Importantly, this advancement not only has profound implications for infrared imaging and sensing applications but also catalyzes research into entropy-driven design principles for two-dimensional alloys. By harnessing configurational entropy as a tunable thermodynamic parameter, material scientists can now contemplate creating functional materials with targeted bandgaps, defect densities, and carrier mobilities—vital for the future of high-efficiency photodetection, flexible electronics, and quantum devices.
The research was rigorously supported by multiple prestigious funding sources, including the National Key R&D Program of China and the National Natural Science Foundation of China, ensuring sufficient resources for in-depth exploration of entropy engineering in advanced materials. Access to state-of-the-art electron microscopy facilities further permitted atomic-level structural elucidation, confirming the uniform dispersion of the seven elements within the 1T’ monolayer lattice and correlating microstructural features with enhanced macroscopic device performance.
Looking ahead, this work lays a formidable foundation for the development of next-generation photodetectors that can operate efficiently in the infrared regime, critical for telecommunications, night vision, environmental monitoring, and medical diagnostics. The synergy of medium-entropy alloy design, two-dimensional material physics, and scalable CVD synthesis marks a paradigm shift, offering a material platform where unprecedented optoelectronic characteristics can be engineered from the atomic scale upward.

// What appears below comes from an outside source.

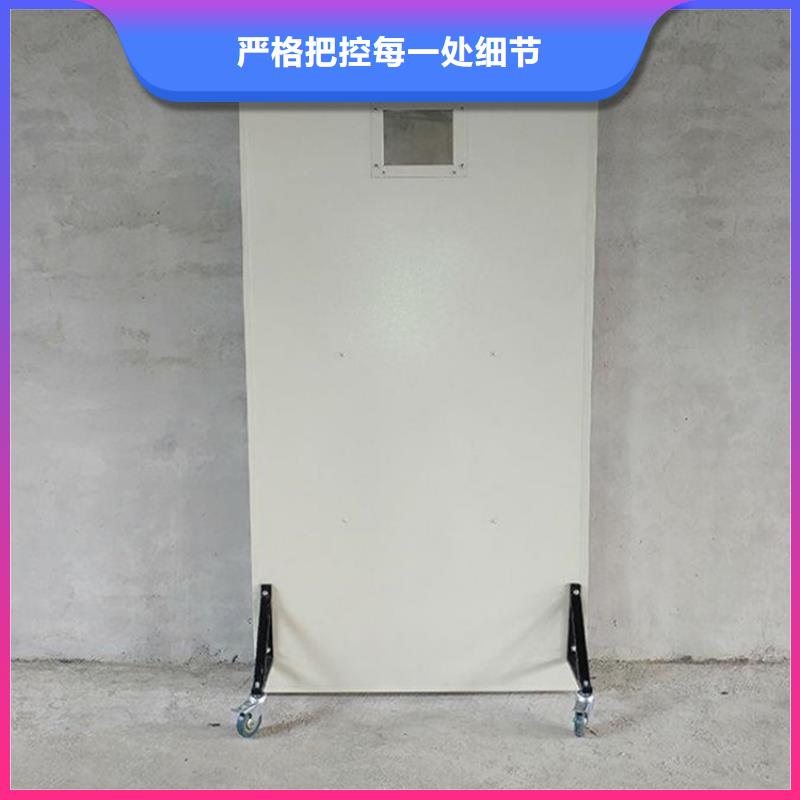 2025新价格##乐山 本地 铅屏风厂家##电话咨询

The debut of the heptanary 1T’ monolayer ME alloy heralds exciting opportunities for the broader scientific community in pushing the envelope of material complexity to unlock extraordinary device functionalities. With continuous improvements and potential integration into heterostructure architectures, these innovative alloys are poised to transcend traditional material limitations, revolutionizing the infrared photodetector landscape and enabling the realization of highly sensitive, robust, and miniaturized photonic systems that meet ever-increasing technological demands.

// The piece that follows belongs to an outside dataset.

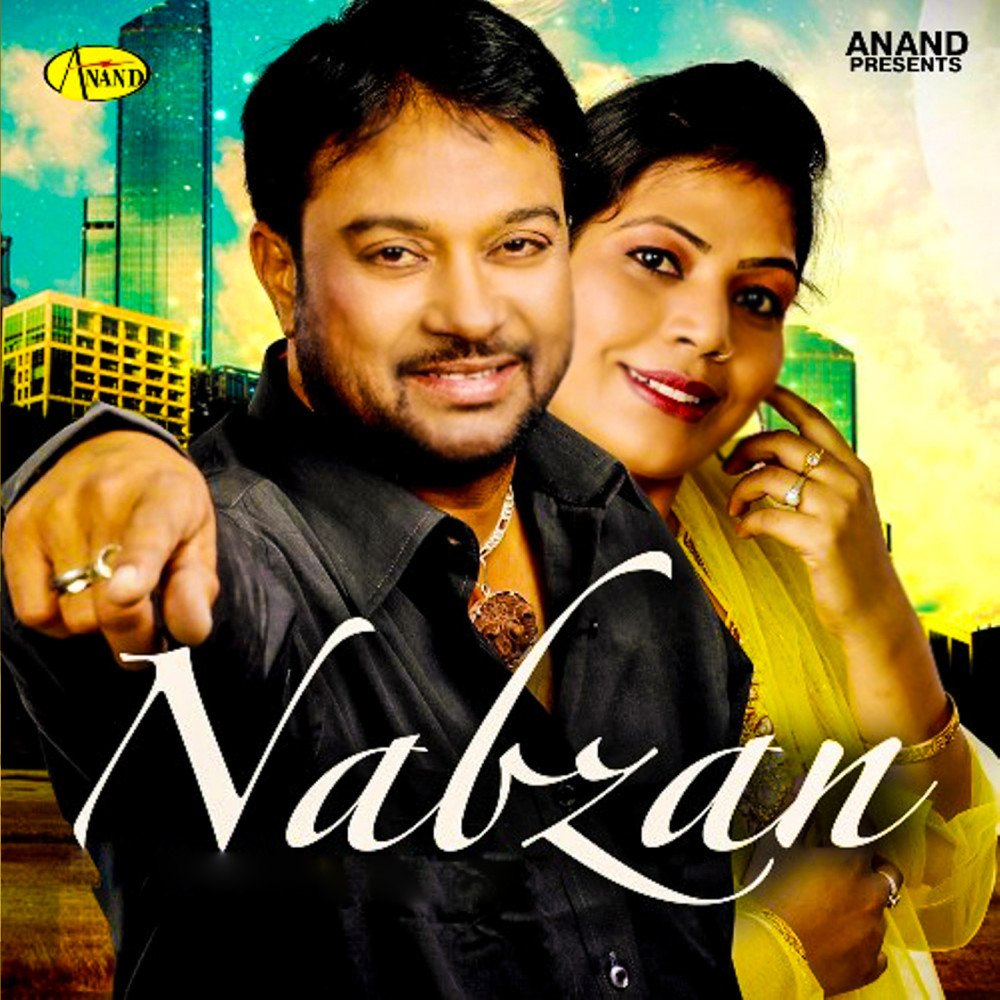 Yaari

Subject of Research: Development and synthesis of 1T’ monolayer heptanary medium-entropy alloy for enhanced infrared photodetection.
Article Title: Synthesis of Heptanary Monolayer Medium-Entropy Alloy via Chemical Vapor Deposition for High-performance Infrared Photodetectors.
News Publication Date: March 26, 2026.
Web References:
https://doi.org/10.26599/NR.2025.94908184
References:
Published article in Nano Research, 2025.
Keywords:
Infrared photodetectors, medium-entropy alloy, 1T’ monolayer, chemical vapor deposition, two-dimensional materials, optoelectronic devices, configurational entropy, MoTe2, transition metal dichalcogenides, photoconductivity, Schottky barrier, nanoscale synthesis.